Therese manages a grocery warehouse that encourages volume shopping on the part of its customers. Therese has discovered that on any given​ weekday, ​95% of the customer sales amount to more than​ $100. That​ is, any given sale on such a day has a probability of .9 of being for more than​ $100. (Actually, the conditional probabilities throughout the day would change​ slightly, depending on earlier​ sales, but this effect would be negligible for the first several sales of the​ day, so we can treat them as​ independent.) Find the probability of the following event. Exactly one of the first three sales on Wednesday is for more than​ $100

Answer 1

To find the probability of exactly one of the first three sales on a weekday being for more than $100 when the probability of such a sale is 95%, we use the binomial distribution formula. The calculation results in a probability of 0.7125%.

Step-by-step explanation:

The question asks to find the probability that exactly one of the first three sales on a given weekday is for more than $100, given that any sale on such a day has a probability of 0.95 of being for more than $100.

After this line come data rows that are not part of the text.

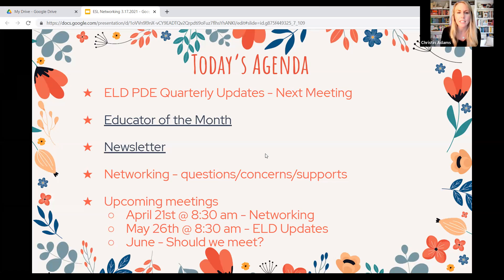As we proceeded forward, a lot of the meeting focused on questions and concerns with the new updated guidelines. As I said previously, PDE has responded saying they are going to be releasing new updated guidelines next week, so please stay tuned.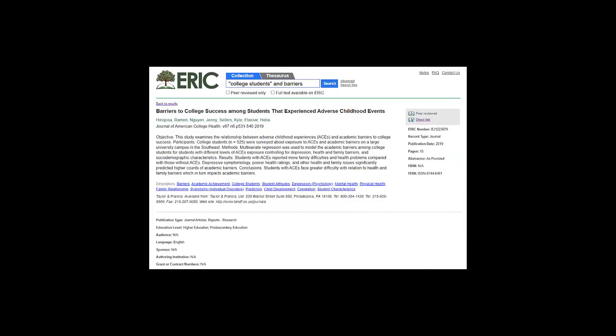Another note about ERIC: if you find a source that's on a topic that you're interested in, look at the descriptors. These are keywords and phrases that the authors of the article and the organizers of ERIC have created in order to group articles of like kind and make them easily searchable.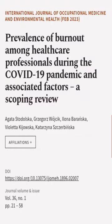This article was authored by Agata Stadalska, Jagors Wojcik, Ilona Baranska, and others.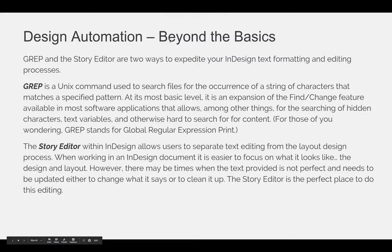GREP and the Story Editor are two ways to expedite your InDesign text formatting and editing processes. GREP is a Unix command used to search files for the occurrence of a string of characters that matches a specified pattern. At its most basic level, it is an expansion of the Find/Change feature available in most software applications that allows for the searching of hidden characters, text variables, and otherwise hard-to-search-for content. GREP stands for Global Regular Expression Print.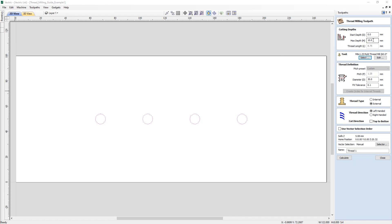Now let's select this tool. In the maximum depth field, as we change the number — for example putting in five — the thread length changes accordingly. This maximum depth cannot exceed what's defined in the tool definition. If it does, the software will warn you upon calculating and prompt you to enter a safer depth. We'll change the max depth to 10 millimeters. The thread length will always be less than the maximum depth because it accounts for the lead-in and the base of the tool.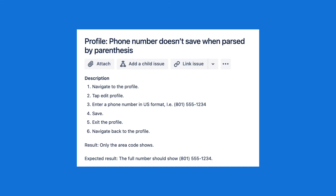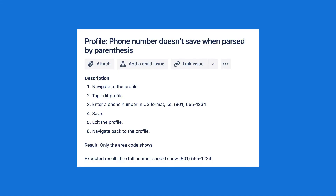Another example: 'The phone number on my profile doesn't save when parsed with parentheses.' In the US, you write a phone number with parentheses around the area code. Steps to recreate: navigate to profile, tap edit profile, enter a phone number in US format like 801-555-1234, tap save, exit the profile, navigate back. The result was that only the area code was saved and showing. The expected result is the whole phone number should be saved. We went back, solved that problem, and it's now addressed.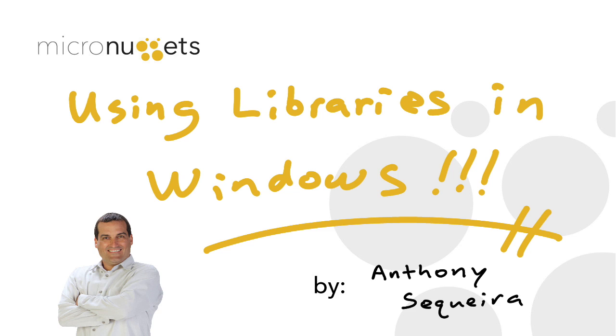Well, of course, what those objects were are called libraries. In this micro nugget, I'm going to teach you about these libraries. They're actually pretty cool and pretty useful.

We can model each sale as a Bernoulli trial, where a success is a sale of more than $100. Because we want exactly one success (more than $100 sale) out of three trials (sales), we use the binomial probability formula:
P(X = k) = nCk * p^k * (1 - p)^(n - k)
where P(X = k) is the probability of k successes in n trials, nCk is the number of combinations of n items taken k at a time, p is the probability of success, and (1 - p) is the probability of failure.

In this case, k = 1 (one success), n = 3 (three trials), and p = 0.95 (probability of a sale being more than $100). The probability of failure (a sale of $100 or less) is therefore 1 - 0.95 = 0.05.

The calculation is as follows:
P(X = 1) = 3C1 * 0.95^1 * 0.05^2
= 3 * 0.95 * 0.0025
= 0.007125
The final probability is therefore 0.007125, or 0.7125%.